A few years ago, the church I (Clint) planted, Pillar, was bringing on a few new elders. I lead the church with Colby Garman, and he and I were talking about the importance of communicating our “ethos” to our incoming elders. In other words, we wanted them to know what mindsets motivated and animated our actions as a leadership team.
Turns out, culture isn’t very easy to explain and putting these intangibles into words took a little longer than expected. We’ve had this document now for about five years and I find myself going back to it regularly when processing decisions and communicating vision for the future.
Because I think it would have been helpful to have one to look at as we tried to articulate our own leadership ethos, I’m putting this out there and I hope you find it helpful as you work to build Jesus’ church and lead His sheep.
We Value Bold Faith
All the best things that have happened at our church have resulted from bold steps of faith. When we have known what God wanted us to do – no matter how crazy it seemed – we have been willing to attempt it. This kind of boldness is harder and harder to justify as the church gets larger and the assets we steward are greater. Even so, we want to be intentional not to fall into a mentality that sees protection of resources as our primary responsibility. In other words, we see true wisdom as fierce obedience to the Word and spirit of God.

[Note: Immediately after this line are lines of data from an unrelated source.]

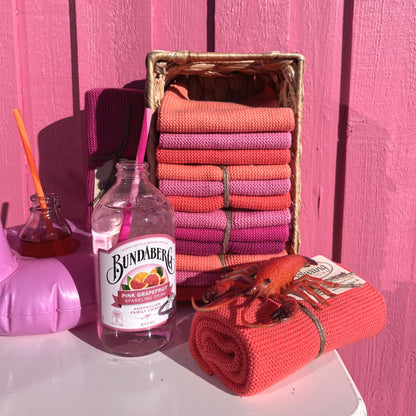 Gør dit hjem grønnere med Solwang Designs bæredygtige og funktionelle karklude. Køb nu og oplev kvalitet, der både er praktisk og miljøvenlig!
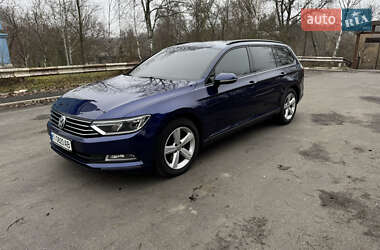 Універсал Volkswagen Passat 2017 в Новомиргороді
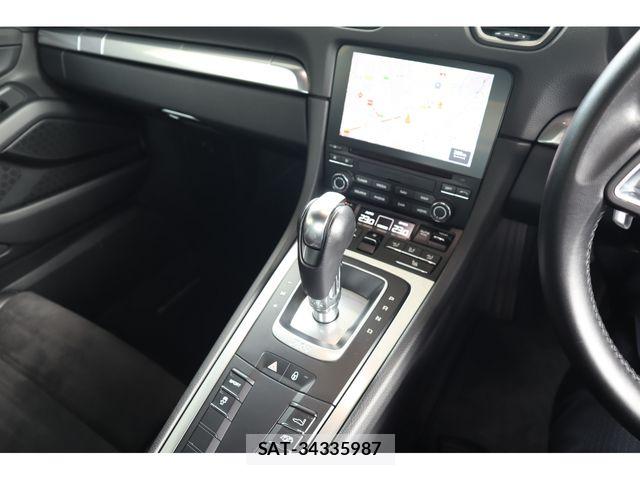 Porsche 718 Cayman 2019-06 6673138-10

We Value Multiplication Over Growth
Sometimes, leading Pillar Church feels more like leading a small mission agency than it does leading a church, but we wouldn’t have it any other way. We have a finite amount of assets and resources at our disposal. As elders, we have the responsibility to allocate those resources for the glory of God in our community and in the world. Pillar Church’s leaders have chosen, from our earliest days, to place a greater priority on multiplication than growth. We dedicate an unusually high portion of our resources to the multiplication of churches and the development of new kingdom leaders. This stretches but is not limited to the time of our pastors and elders, the money in our bank account, the leveraging of our assets and the energy of our people.
We Value People Over Projects
It is tempting to view people as resources and to organize them for maximum progress. We have made the decision to value the people of our body, particularly those who go out on mission for us, over the work they accomplish in the name our church. This value manifests itself in many different ways but primarily means that we are never too busy to stop and help a brother or sister in need. Often those who are most negatively affected by ministry efforts are the people who lead them. They receive the rebuke and criticism that comes with leadership, they have unrealistic and unbiblical expectations placed upon them and they face relentless satanic attack. We seek to interact with one another like members of a loving family, not employees at a Fortune 500 company.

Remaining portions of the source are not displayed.